Our community here at Lady Geek Girl and Friends is a tight-knit one, and as a majority queer group, we were shaken to our core by the horrible tragedy that occurred a week ago in Orlando. Our deepest sympathies go out to the victims and their families, and we urge those who can to take an active role in responding to it, whether through blood donation, financial aid, or political activism. In the wake of the shooting, the LGBTQ+ community has responded with vigils, with calls to action, and with affirmations of self-worth. Notably among the latter is the #queerselflove hashtag, started by Welcome to Night Vale actor Dylan Marron on Twitter.
The hashtag quickly took off as the wounded queer community took the time to reflect on what made us special and important. In response to a hate crime, we told the world that if it was not going to love us, we were still going to love ourselves. I contributed my own personal #queerselflove to the tag on Wednesday night, but today I’d like to talk about a few of my favorite happy LGBTQ+ people and pairings in pop culture. We’ve spent so many posts recently condemning the treatment of queer people in fiction and this post isn’t meant to erase or negate those. Indeed, the importance of meaningful queer representation is more important than ever in a time when the gays we’re burying are no longer fictional. Queer people need to be able to look to something and see ourselves being happy.
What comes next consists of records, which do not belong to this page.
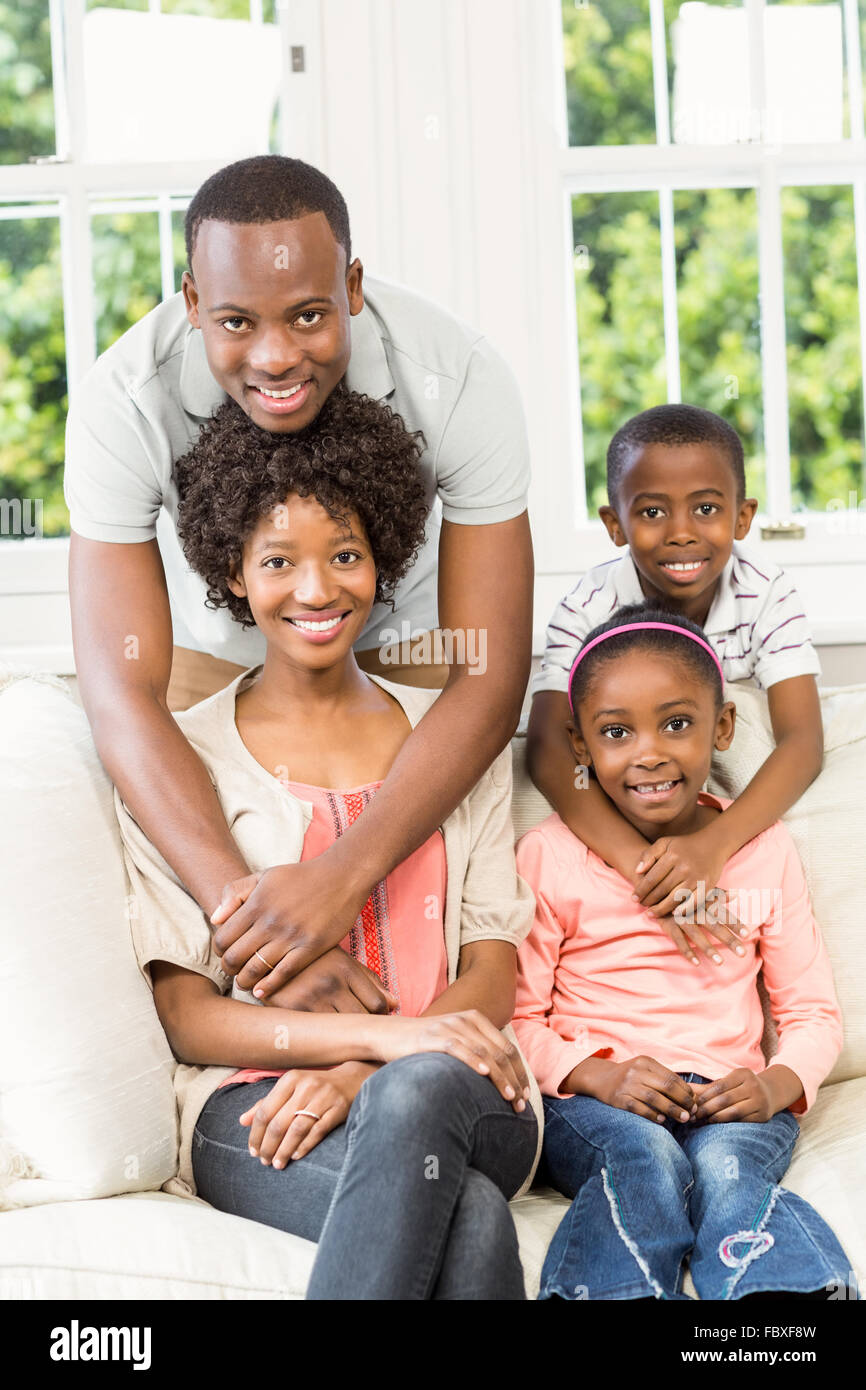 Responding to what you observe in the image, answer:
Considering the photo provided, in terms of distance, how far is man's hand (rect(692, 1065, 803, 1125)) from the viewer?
153cm

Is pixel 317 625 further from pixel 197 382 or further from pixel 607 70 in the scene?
pixel 607 70

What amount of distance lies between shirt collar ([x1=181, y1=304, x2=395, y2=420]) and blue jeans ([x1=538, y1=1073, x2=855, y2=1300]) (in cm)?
Result: 91

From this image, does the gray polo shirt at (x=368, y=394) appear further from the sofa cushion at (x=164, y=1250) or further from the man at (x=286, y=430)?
the sofa cushion at (x=164, y=1250)

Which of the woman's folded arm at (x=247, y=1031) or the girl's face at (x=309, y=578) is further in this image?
the girl's face at (x=309, y=578)

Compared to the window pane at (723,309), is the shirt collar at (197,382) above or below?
below

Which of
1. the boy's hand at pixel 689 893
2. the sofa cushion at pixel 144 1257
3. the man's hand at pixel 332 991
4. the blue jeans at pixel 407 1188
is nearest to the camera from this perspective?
the blue jeans at pixel 407 1188


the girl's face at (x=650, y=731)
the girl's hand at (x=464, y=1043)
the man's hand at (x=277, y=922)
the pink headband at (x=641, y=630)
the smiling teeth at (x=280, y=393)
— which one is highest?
the smiling teeth at (x=280, y=393)

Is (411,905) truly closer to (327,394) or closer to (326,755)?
(326,755)

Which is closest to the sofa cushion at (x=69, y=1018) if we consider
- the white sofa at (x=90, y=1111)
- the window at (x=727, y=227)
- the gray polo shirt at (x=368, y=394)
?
the white sofa at (x=90, y=1111)

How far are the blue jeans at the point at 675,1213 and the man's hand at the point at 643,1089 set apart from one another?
0.5 inches

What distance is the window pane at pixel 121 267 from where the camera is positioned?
2732 mm

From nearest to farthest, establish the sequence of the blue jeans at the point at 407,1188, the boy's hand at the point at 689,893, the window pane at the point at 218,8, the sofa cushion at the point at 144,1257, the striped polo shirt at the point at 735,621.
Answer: the blue jeans at the point at 407,1188, the sofa cushion at the point at 144,1257, the boy's hand at the point at 689,893, the striped polo shirt at the point at 735,621, the window pane at the point at 218,8

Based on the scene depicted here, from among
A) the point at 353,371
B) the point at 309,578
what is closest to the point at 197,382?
the point at 353,371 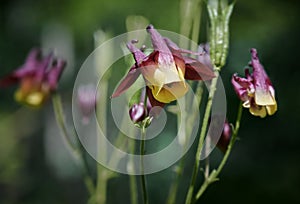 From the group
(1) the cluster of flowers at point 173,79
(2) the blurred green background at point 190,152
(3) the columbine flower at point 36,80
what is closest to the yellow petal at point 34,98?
(3) the columbine flower at point 36,80

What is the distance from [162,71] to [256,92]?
148 millimetres

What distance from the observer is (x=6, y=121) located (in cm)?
358

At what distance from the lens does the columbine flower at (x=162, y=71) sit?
75 centimetres

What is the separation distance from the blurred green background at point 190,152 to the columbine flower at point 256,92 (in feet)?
3.42

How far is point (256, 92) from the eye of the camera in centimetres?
81

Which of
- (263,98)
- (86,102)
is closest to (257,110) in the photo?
(263,98)

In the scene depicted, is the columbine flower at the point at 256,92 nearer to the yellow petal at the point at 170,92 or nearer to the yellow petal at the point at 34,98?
the yellow petal at the point at 170,92

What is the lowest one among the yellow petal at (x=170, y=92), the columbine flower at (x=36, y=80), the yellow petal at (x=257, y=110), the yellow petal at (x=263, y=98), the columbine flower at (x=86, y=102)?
the columbine flower at (x=86, y=102)

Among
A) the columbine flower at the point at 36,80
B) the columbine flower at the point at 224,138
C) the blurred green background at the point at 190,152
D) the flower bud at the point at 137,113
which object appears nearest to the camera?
the flower bud at the point at 137,113

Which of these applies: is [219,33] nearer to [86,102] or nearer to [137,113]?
[137,113]

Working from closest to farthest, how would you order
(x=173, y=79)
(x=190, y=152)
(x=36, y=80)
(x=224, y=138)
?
(x=173, y=79), (x=224, y=138), (x=36, y=80), (x=190, y=152)

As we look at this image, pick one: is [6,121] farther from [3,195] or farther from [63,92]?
[3,195]

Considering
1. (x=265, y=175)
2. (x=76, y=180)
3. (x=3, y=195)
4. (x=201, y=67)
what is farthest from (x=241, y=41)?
(x=201, y=67)

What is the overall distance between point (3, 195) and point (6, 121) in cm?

Steven Universe’s Ruby and Sapphire’s love for each other is so pure that they spend almost all of their time fused into one being. (There’s no one on the planet I love that much, so I consider that pretty impressive.) Garnet is a person, but she’s also a physical manifestation of their love, and it’s plainly and unequivocably presented as romantic love. They’re physically and verbally affectionate, as well; unsexualized queer female romance is so rare (and the two of them are so cute) that this never fails to warm the cockles of my icy heart. From a more meta perspective, also, it’s important to note that they’re characters in a show whose intended audience is children; it makes me happy that the next generation is being exposed to a story with this kind of epic and important queer love.
Nico di Angelo from Rick Riordan’s Percy Jackson universe is important to me for reasons along the same lines. While Nico has never been the protagonist of any of the books, he is easily the most well-developed and complex character. However, he spends ninety-five percent of his pagetime before the most recent book in some kind of mortal danger or serious angst. His realization that his attractions didn’t make him flawed inspired a serious turnaround for my precious, death-scented son. Nico’s character in The Hidden Oracle wasn’t indistinguishable from that of previous books, but he was clearly changed. He is comfortable in his skin and his powers; he no longer struggles as much with his sense of self-worth. Getting to have the same sort of cheesy but emotional teen dalliances as the series’ other characters has brought out a clever, snarky side of Nico that he was once too lost in self-hate to embrace.
Korra, too, fights a long, uphill battle against her demons. For four seasons she deals with everything from assassination attempts and spiritual warfare to petty teen drama and heartbreak. She deals with serious PTSD and anger issues and is able to learn to cope, in part because she becomes closer to Asami. The transition of their relationship from platonic to romantic seemed like a natural direction for the story to take, and I’m so happy it did. We don’t know much about the existence of homophobia in the Avatar universe, so Korra may not have had to go through the obstacle course of judgment and self-doubt that real-world queer people often navigate when coming out. However, her happy ending was unequivocably tied up in her embracing her queerness, and that sounds right in line with the #queerselflove sentiment.
Angela and Sera from the current Marvel 616 universe are up there with Ruby and Sapphire as one of the most heartwarming queer couples I’ve ever seen. They’re genuine storybook heroes, going on epic adventures, staging coups, and overthrowing realms—and they’re also disgustingly sappy girlfriends. The inclusion of a queer romance into a super high-fantasy story lets me see people like me in a story that isn’t about their queerness. The normalization of a couple that is queer, interracial, and includes a trans woman is so important, and more importantly, they’re happy and as safe as two women who regularly fight helhounds can be.
Finally, it would be remiss of me to mention this without bringing up Cecil and Carlos, given the hashtag’s creator. Cecil and Carlos, like Korra, seem to exist in a universe without homophobia; instead, irrational fear and prejudice are properly relegated to irrational subjects like brothers-in-law, dog parks and their inhabitants, and angels. What brings me comfort about their relationship is that amongst all the nonsense that goes on, the two of them struggle with and revel in utter, boring, day-to-day relationship stuff. StrexCorp is taking over Night Vale, yes, but whose turn is it to do the dishes? Carlos, can you pick up something for dinner that doesn’t include wheat or wheat by-products? Night Vale is weird and dangerous and scary, but Cecil and Carlos are happy and safe with each other.
In the end, I’d argue that being able to find solace in representation can be just as affirming as going through the Twitter hashtag and feeling buoyed by the bravery and honesty of so many members of the LGBTQ+ community. These characters and the way they have overcome their struggles and found meaningful relationships give me hope that I too can do so, and if there’s one thing I could use right now, it’s a little hope.